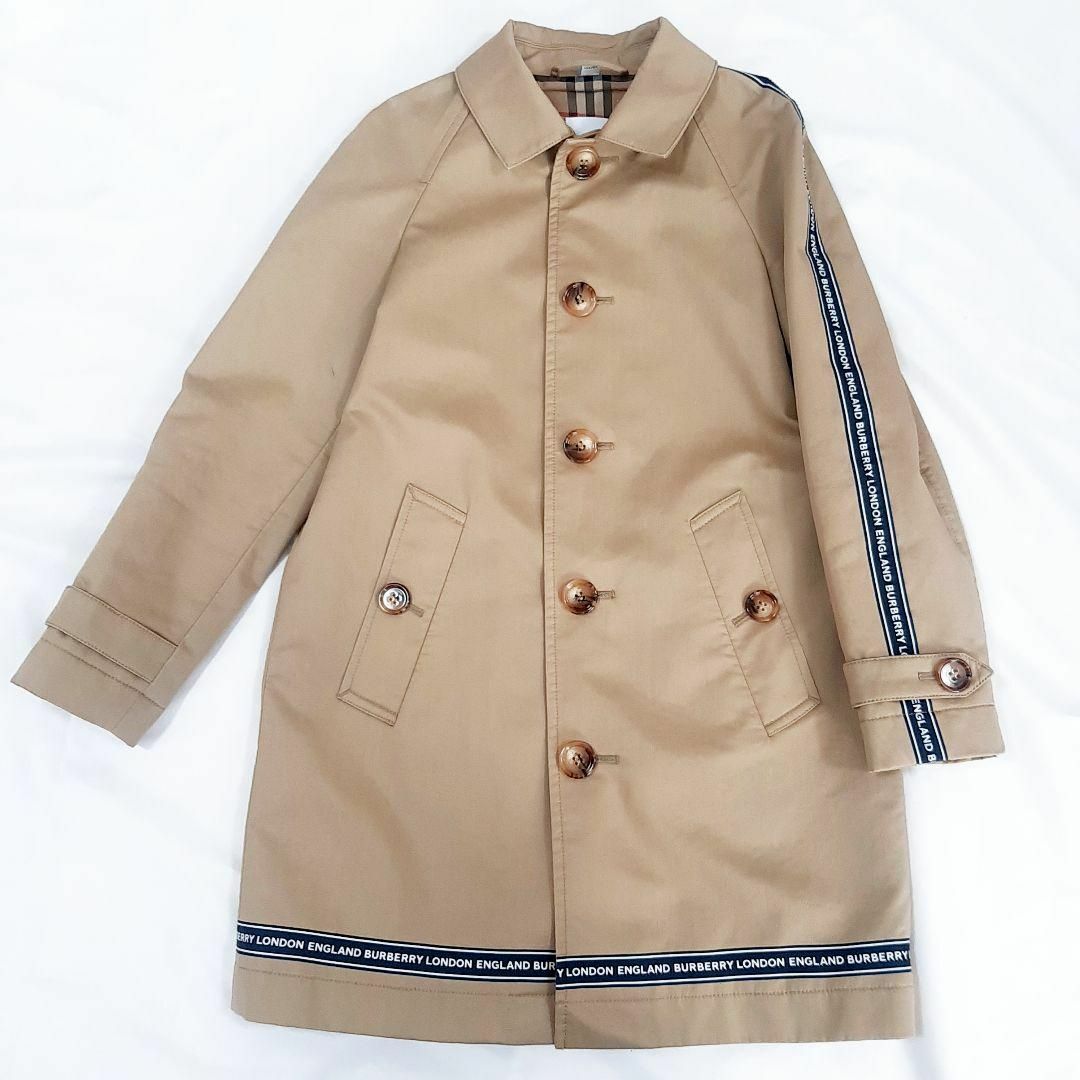 BURBERRY - バーバリー ロゴ トレンチコート ベージュ ライン 128 8Y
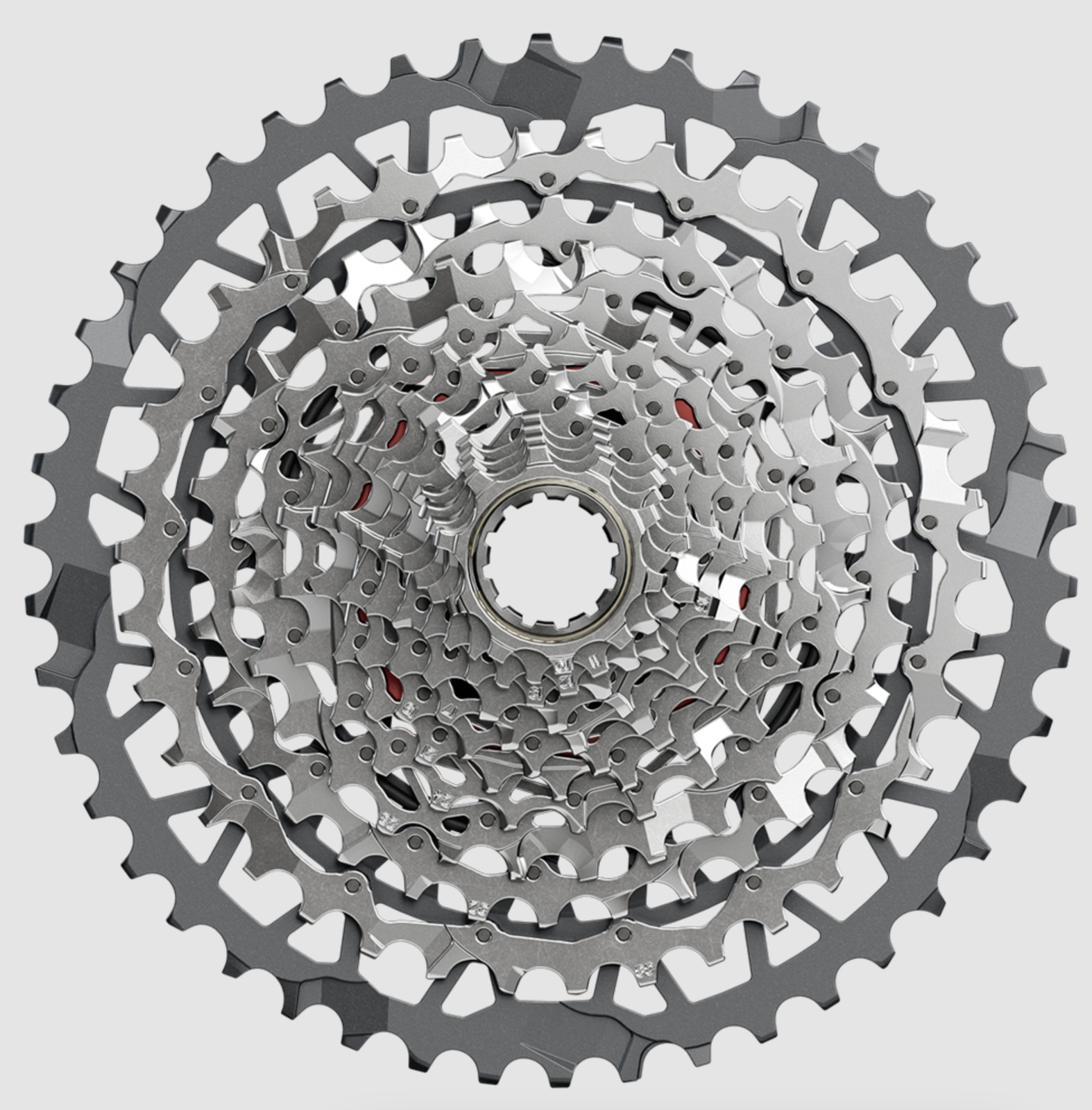 SRAM Rival XPLR XG-1351 Cassette – 13-Speed, 10-46t, For XDR Driver, Silver, E1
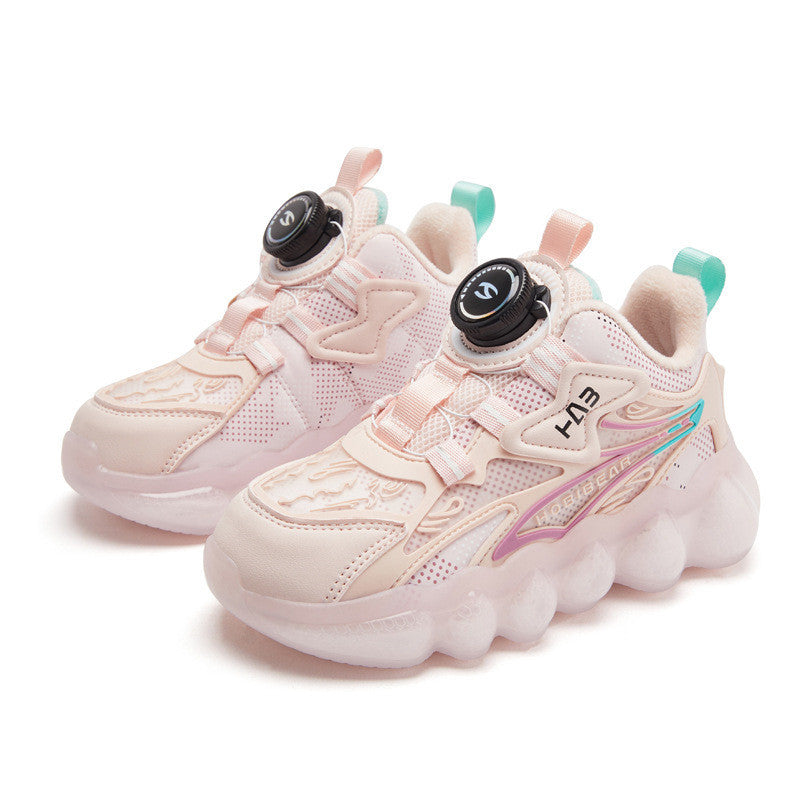 Boys' Sneakers Girls' Daddy Shoes Knob Button
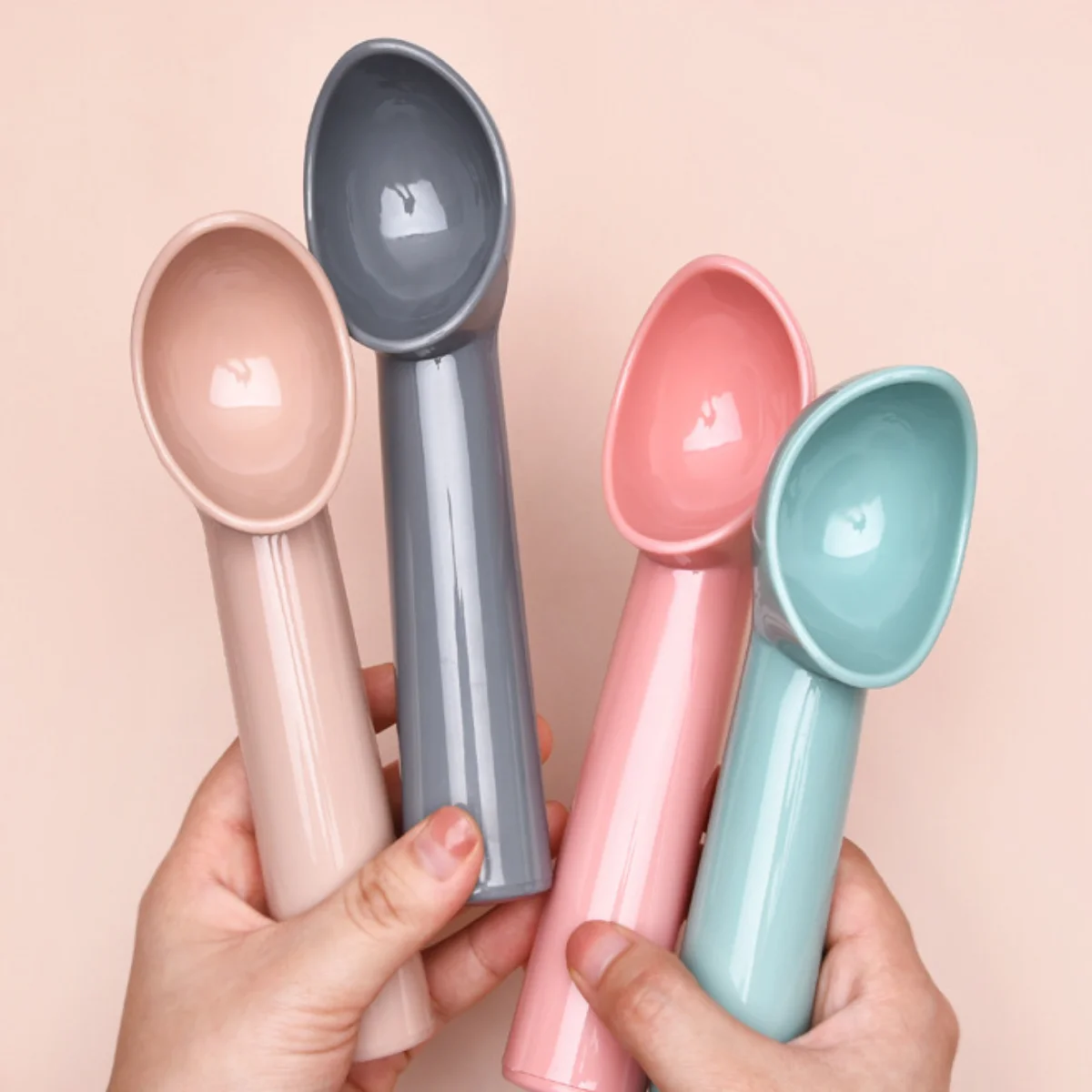 Ice cream scoop ice shovel scoop ice cream bowl spoon set Ice cream dessert spoon Popsicle fruit puree shovel Creative tea spoon Summer party Ice hockey making tool Kitchen accessories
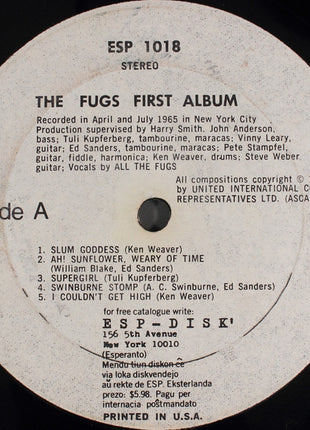 The Fugs : The Fugs First Album (LP, Album, Mono, RE, Thi)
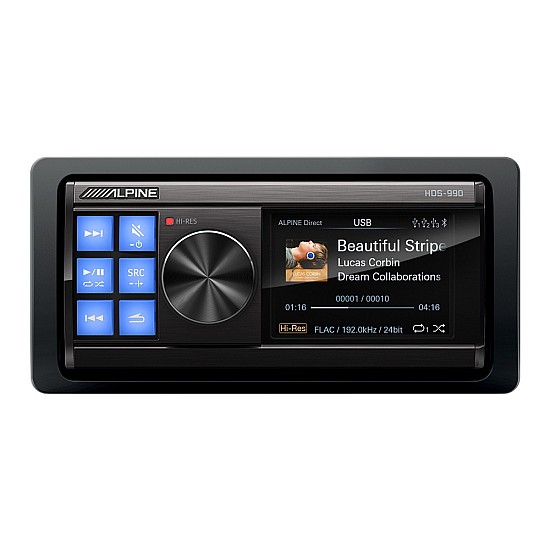 Alpine Status HDS-990 Hi-Res Car Audio Media Player USB Bluetooth Alpine Status HDS-990 Hi-Res Car Audio Media Player USB Bluetooth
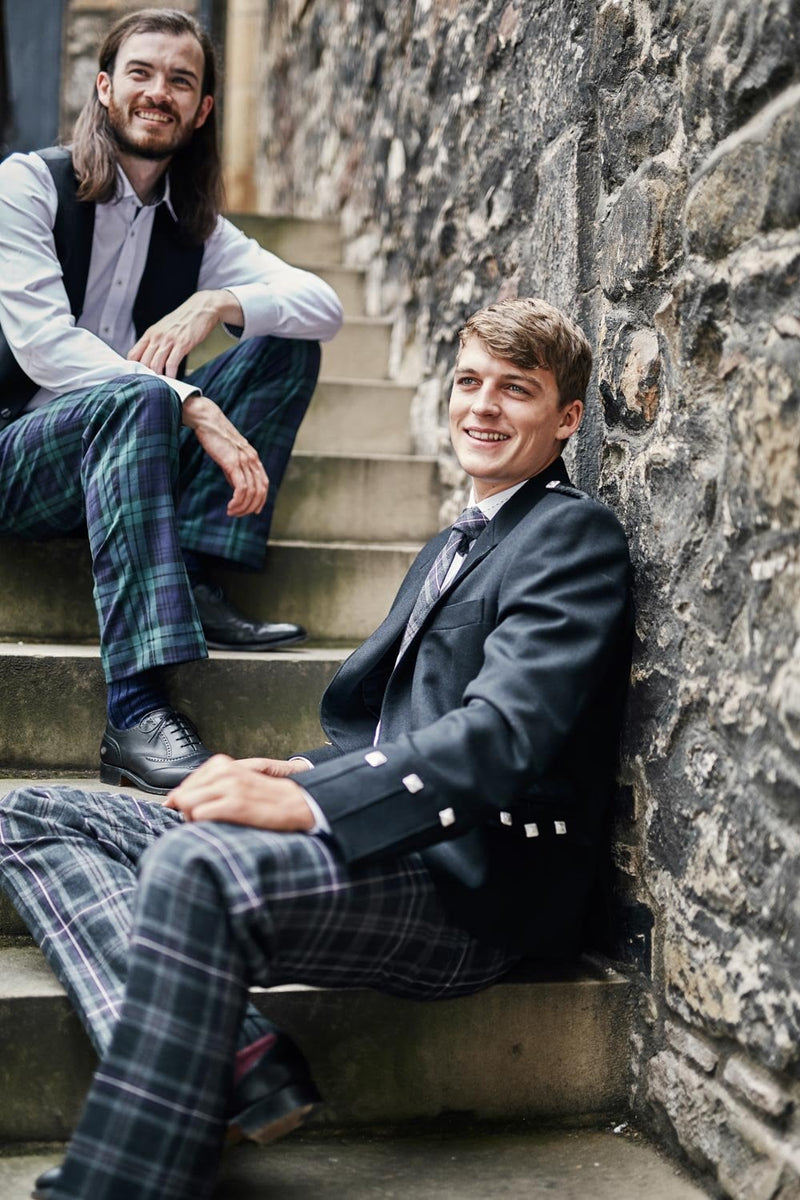 Prince Charlie 5 Button Black Trews Hire Outfit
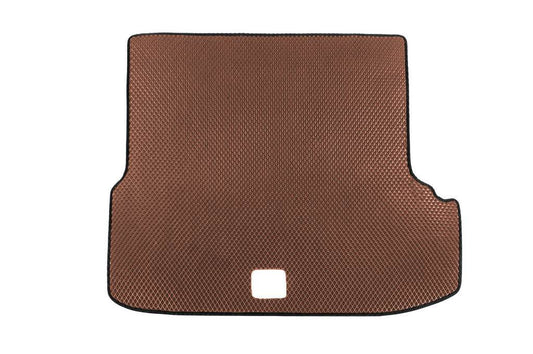 Trunk Mat (SW) (With Hole) (EVA, Brown) V-2 for Skoda Octavia III A7 2013-2019 - Reelken Auto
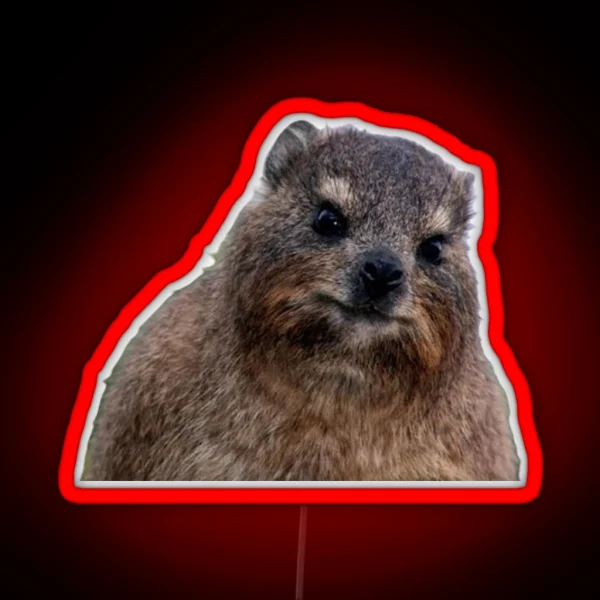 Rock Hyrax Animal RGB Neon Sign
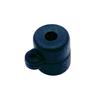 Shoseido MODEL ATHLETE Silicone Cap ASL-H004 Black, Fall Prevention Strap Hole Accessory for Construction Mechanical Pencil ASL-H001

########

• _What the task asks_: Without the pictures, repeat the listing word for word.

• _Response to the task_:
 BURBERRY - バーバリー ロゴ トレンチコート ベージュ ライン 128 8Y
 SRAM Rival XPLR XG-1351 Cassette – 13-Speed, 10-46t, For XDR Driver, Silver, E1
 Boys' Sneakers Girls' Daddy Shoes Knob Button
 Ice cream scoop ice shovel scoop ice cream bowl spoon set Ice cream dessert spoon Popsicle fruit puree shovel Creative tea spoon Summer party Ice hockey making tool Kitchen accessories
 The Fugs : The Fugs First Album (LP, Album, Mono, RE, Thi)
 Alpine Status HDS-990 Hi-Res Car Audio Media Player USB Bluetooth Alpine Status HDS-990 Hi-Res Car Audio Media Player USB Bluetooth
 Prince Charlie 5 Button Black Trews Hire Outfit
 Trunk Mat (SW) (With Hole) (EVA, Brown) V-2 for Skoda Octavia III A7 2013-2019 - Reelken Auto
 Rock Hyrax Animal RGB Neon Sign
 Shoseido MODEL ATHLETE Silicone Cap ASL-H004 Black, Fall Prevention Strap Hole Accessory for Construction Mechanical Pencil ASL-H001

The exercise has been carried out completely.